20. A radio system comprising:

at least a first and a second radio unit, both of which radio units comprise a transmitter and a receiver;

the first radio unit arranged to communicate with a first external radio unit and the second radio unit arranged to communicate with a second external radio unit; and

the transmitters of both the first and the second radio units arranged to vary respective output power levels of their transmissions in response to a communication from the external radio unit with which they are arranged to communicate, with both of said transmitters also being arranged to vary the respective output power levels of their transmissions in response to a variation in the output power level of the transmitter of the other of the first and second radio unit, so that, when a communication from one of the first or the second external radio units would cause a variation in the output power level of the transmitter with which it is arranged to communicate, the variation in the output power level of one of the transmitters results in the variation in the output power level of both transmitters.

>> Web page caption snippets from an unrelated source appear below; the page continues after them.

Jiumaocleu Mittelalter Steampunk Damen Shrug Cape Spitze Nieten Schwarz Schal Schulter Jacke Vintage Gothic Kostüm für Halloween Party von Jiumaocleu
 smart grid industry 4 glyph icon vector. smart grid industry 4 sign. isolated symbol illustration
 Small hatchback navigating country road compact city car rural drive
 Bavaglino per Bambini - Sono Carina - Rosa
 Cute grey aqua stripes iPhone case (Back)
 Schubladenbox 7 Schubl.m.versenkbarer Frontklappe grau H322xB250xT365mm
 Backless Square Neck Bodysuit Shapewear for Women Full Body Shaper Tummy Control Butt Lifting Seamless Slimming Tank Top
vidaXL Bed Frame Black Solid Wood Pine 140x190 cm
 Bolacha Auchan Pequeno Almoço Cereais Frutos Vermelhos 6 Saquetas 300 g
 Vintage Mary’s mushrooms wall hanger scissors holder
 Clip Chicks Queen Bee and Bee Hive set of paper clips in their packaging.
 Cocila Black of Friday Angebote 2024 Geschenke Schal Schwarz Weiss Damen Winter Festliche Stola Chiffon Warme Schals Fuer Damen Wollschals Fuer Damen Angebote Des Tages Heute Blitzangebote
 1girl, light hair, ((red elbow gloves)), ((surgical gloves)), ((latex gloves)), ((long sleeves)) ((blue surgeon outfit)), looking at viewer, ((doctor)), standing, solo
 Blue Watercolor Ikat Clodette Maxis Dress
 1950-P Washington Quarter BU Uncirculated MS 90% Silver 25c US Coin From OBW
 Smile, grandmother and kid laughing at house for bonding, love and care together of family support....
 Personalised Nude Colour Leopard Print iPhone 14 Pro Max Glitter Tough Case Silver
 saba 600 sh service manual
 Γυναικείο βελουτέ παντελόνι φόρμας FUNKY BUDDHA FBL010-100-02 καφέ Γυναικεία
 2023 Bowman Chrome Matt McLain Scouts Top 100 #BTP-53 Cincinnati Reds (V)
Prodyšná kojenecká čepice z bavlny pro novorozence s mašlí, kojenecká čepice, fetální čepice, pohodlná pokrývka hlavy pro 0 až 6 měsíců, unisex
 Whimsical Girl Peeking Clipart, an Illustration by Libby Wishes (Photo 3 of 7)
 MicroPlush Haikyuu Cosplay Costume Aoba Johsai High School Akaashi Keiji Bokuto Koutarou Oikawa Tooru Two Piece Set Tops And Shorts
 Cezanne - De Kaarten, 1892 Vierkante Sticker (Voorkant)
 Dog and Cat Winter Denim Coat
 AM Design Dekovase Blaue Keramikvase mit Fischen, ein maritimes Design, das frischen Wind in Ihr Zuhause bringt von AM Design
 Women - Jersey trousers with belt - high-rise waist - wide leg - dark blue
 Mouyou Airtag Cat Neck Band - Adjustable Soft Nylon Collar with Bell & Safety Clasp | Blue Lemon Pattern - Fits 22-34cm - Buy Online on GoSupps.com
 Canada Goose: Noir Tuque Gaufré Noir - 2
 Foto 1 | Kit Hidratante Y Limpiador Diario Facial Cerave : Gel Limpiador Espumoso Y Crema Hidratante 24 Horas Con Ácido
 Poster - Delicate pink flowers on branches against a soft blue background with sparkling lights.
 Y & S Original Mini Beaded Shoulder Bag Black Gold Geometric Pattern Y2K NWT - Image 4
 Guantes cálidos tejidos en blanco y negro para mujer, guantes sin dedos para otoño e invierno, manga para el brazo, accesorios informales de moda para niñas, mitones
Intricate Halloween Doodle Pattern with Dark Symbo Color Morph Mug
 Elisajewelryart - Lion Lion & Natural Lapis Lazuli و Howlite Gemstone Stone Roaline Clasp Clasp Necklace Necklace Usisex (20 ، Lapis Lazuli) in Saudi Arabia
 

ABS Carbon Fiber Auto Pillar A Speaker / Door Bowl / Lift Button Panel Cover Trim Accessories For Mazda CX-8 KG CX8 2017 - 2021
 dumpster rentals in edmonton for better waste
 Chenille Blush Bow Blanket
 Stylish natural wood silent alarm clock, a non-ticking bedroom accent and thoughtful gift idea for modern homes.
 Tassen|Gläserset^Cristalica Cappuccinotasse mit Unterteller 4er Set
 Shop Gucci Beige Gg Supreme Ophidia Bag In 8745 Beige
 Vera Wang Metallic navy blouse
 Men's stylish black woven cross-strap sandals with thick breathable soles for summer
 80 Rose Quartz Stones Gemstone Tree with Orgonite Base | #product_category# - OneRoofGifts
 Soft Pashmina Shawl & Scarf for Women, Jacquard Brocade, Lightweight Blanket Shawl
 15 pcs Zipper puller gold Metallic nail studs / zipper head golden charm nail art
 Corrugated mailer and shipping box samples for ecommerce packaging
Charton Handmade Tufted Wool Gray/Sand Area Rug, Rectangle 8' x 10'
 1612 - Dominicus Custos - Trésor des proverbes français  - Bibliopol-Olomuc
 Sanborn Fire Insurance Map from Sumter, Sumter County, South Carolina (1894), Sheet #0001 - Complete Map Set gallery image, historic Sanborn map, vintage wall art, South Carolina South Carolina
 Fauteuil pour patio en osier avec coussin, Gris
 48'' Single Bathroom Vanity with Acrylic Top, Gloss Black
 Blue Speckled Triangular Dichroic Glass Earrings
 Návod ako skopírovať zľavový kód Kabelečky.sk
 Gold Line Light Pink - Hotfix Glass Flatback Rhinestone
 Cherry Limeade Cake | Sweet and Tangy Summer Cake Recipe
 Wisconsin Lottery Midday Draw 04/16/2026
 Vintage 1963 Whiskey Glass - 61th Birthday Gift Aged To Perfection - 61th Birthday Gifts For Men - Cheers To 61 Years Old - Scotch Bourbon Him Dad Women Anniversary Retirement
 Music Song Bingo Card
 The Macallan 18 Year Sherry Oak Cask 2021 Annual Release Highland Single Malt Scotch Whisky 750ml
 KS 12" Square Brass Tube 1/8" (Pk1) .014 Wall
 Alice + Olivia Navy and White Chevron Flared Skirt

21. The radio system of claim 20, wherein both of said transmitters are arranged to vary the respective output power levels of their transmissions, so that, when communications from both the first and the second external radio units would cause variations in the respective output power levels of the radio units with which each of the external radio units are arranged to communicate, the variations in the output power levels of both of the transmitters results in a variation in the output power levels of both transmitters that is dependent on one of the variations that comprises a largest increase in the output power level.

22. The radio system of claim 20, wherein the variations in the respective output power levels of the radio units comprise variations that are an increase during a same time period.

23. A method for use in a radio system, comprising the use of at least a first radio unit in order to communicate with a first external radio unit and a second radio unit in order to communicate with a second external radio unit, both of said radio units comprising a transmitter and a receiver, the method comprising:

enabling the transmitters of both the first and the second radio units to vary respective output power levels of their transmissions in response to a communication from the external radio unit with which they communicate; and

enabling both of said transmitters to vary the respective output power levels of their transmissions in response to a variation in the output power level of the transmitter of the other of the first and second radio unit, so that when a communication from one of the first or the second external radio units would cause a variation in the output power level of the transmitter with which it is arranged to communicate, the variation in the output power level of one of the transmitters results in the variation in the output power level of both transmitters.

24. The method of claim 23, wherein both of said transmitters are arranged to vary the respective output power levels of their transmissions, so that, when communications from both the first and the second external radio units would cause variations in the respective output power levels of the radio units in which each of the external radio units are arranged to communicate, the variations in the output power levels of both of the transmitters results in a variation in the output power levels of both transmitters that is dependent on one of the variations that comprises a largest increase in the output power level.

25. The method of claim 23, wherein the variations in the respective output power levels of the radio units comprise variations that are an increase during a same time period.